DH: Isso foi trágico. MGS4 foi uma experiência pesada emocionalmente. Eu realmente fiquei com pena do Snake. Eu fiquei sabendo  da sua decrepitude avançada quando eles me ligaram para fazer alguns testes de voz como um homem de setenta anos, e então novamente como um de noventa. Eu pensei  “Hã… O que está havendo? Por que não estou mais na faixa dos 30?” Mas assim que comecei a trabalhar nisso, isso foi tão triste e um final tão emocionante um cara que sacrificou tudo pelo seu país, que eu acabei adorando isso como ferramenta dramática. Eu fiquei um pouco surpreso com o final, já que eu esperava que o   Snake acabasse se esforçando ao extremo até à morte, ao invés de voltar para o rancho para morrer. Mas o jogo é uma obra prima, então dane-se.

JS: Fazem 25 anos desde que o primeiro Metal Gear foi lançado para MSX e NES – está é a razão deste artigo de aniversário. Você mencionou em entrevistas que você terminou todos os jogos da série Metal Gear Solid.
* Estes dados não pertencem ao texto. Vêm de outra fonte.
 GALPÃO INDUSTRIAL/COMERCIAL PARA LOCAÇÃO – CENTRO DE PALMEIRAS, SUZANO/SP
Você jogou algum dos antigos jogos em 2D da série, antes do Metal Gear Solid, e o que você acha deles?

DH: Fico envergonhado em dizer isso, mas eu não joguei nenhum destes jogos. Acho que eu não me motivo o suficiente já que não tenho que me ouvir falando por vinte horas ou mais. Dito isso, eu adoro eles.

JS: As pessoas te reconhecem, ou a sua voz, quando você está em público? E qual é a coisa mais estranha, maluca que alguém – ou talvez especificamente algum fã de MGS – já te pediu?
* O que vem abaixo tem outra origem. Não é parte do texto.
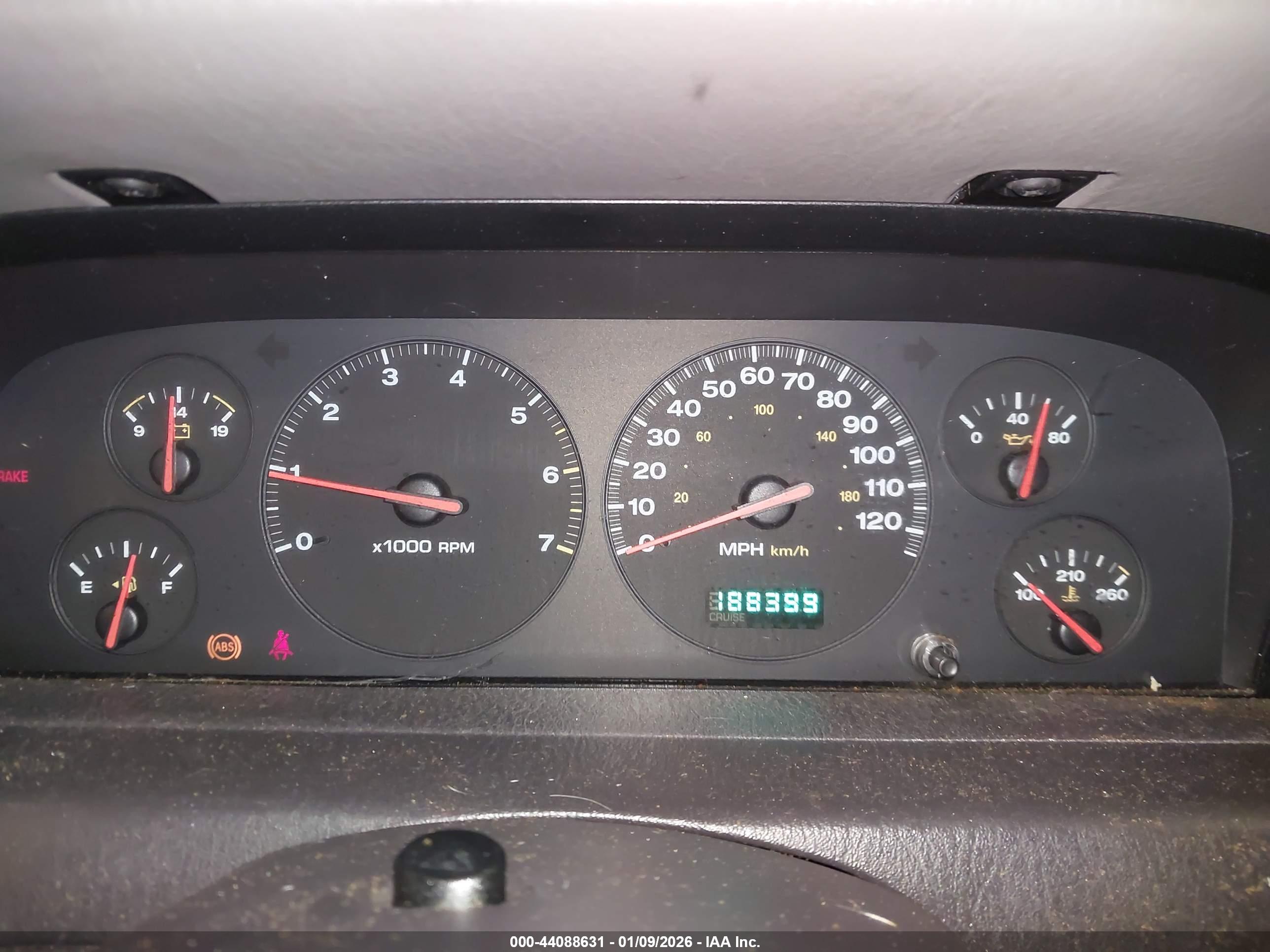 JEEP GRAND image 7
DH: As pessoas me reconhecem de vez em quando. De vez em quando, alguém encontra comigo em uma loja, ou na rua. Eles não costuma reconhecer a minha voz, já que minha voz natural é bem diferente da do Snake. Apesar disso, quando eu vejo alguém usando uma camiseta da Fox-Hound ou algo do gênero, eu limpo minha garganta num jeito bem “Snake”, só para fazer eles olharem para trás. A maioria dos funcionários das lojas de vídeogames reconhecem o meu nome  no meu cartão de crédito.

As pessoas geralmente me pedem para gravar as suas mensagens de correio de voz, o que fico bastante feliz em fazer. O empresário da banda ‘Bright Eyes’ me pediu para gravar um poema, escrito pelo compositor deles, na voz do Snake, para tocar num show, mas eu não sei se eles realmente o fizeram.

E um casal me pediu para me fazer a cerimônia de casamento deles. Não sei se eles queriam a coisa toda feita na voz do Snake, pois eles acabaram cancelando tudo. Isso é que é Fox-Die.